_Problem details_
Without the images, repeat every line of the listing verbatim.

(Records to use)

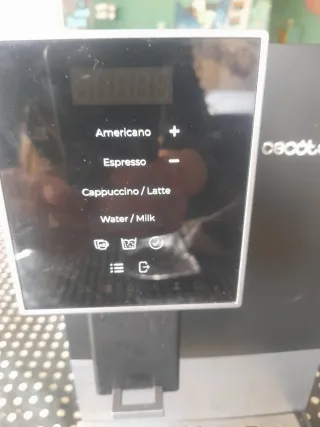 Cafetera Cecotec Remmaet Compactccino Negra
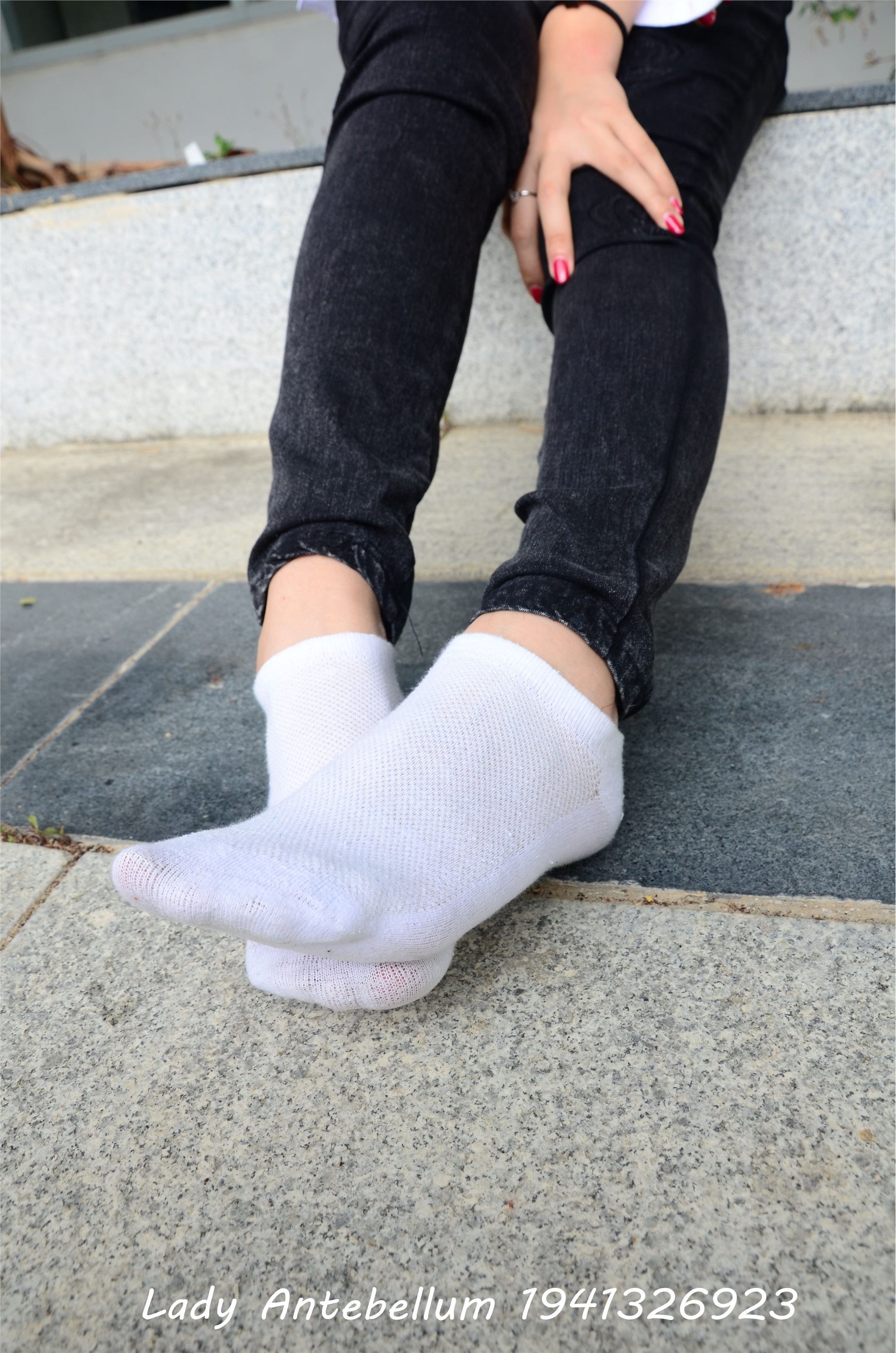 战前女神  恋足美腿棉袜女神级摄影套图 083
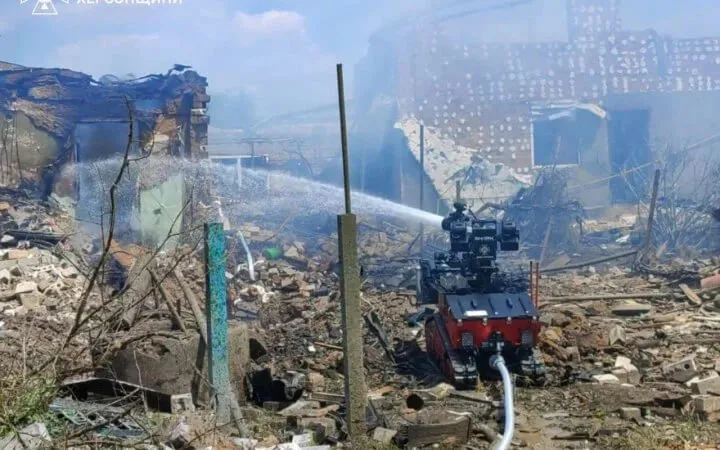 Армія РФ атакувала зупинку громадського транспорту у Херсоні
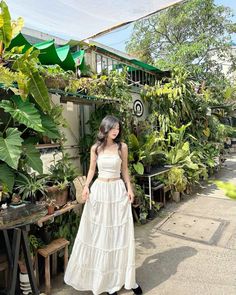 Outfit Ideas Summer Asian, Thai Summer Outfit, Beach Outfit Aesthetic Dress, Ootd Dress Putih, Korea Summer Outfit Korean Style, Beach Outfits Dress, Summer Outfits Dubai, White Picnic Dress, Broad Shoulder Women Outfits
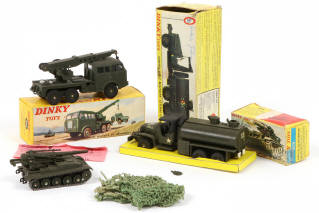 Lot 244 - DINKY TOYS (FRANCE) (3)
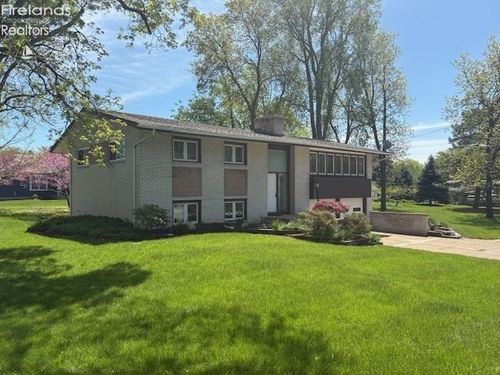 3737 N Karwood Dr, Port Clinton, OH, 43452-9723 | Card Image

(End Records to use)

_Solved problem_
 Cafetera Cecotec Remmaet Compactccino Negra
 战前女神  恋足美腿棉袜女神级摄影套图 083
 Армія РФ атакувала зупинку громадського транспорту у Херсоні
 Outfit Ideas Summer Asian, Thai Summer Outfit, Beach Outfit Aesthetic Dress, Ootd Dress Putih, Korea Summer Outfit Korean Style, Beach Outfits Dress, Summer Outfits Dubai, White Picnic Dress, Broad Shoulder Women Outfits
 Lot 244 - DINKY TOYS (FRANCE) (3)
 3737 N Karwood Dr, Port Clinton, OH, 43452-9723 | Card Image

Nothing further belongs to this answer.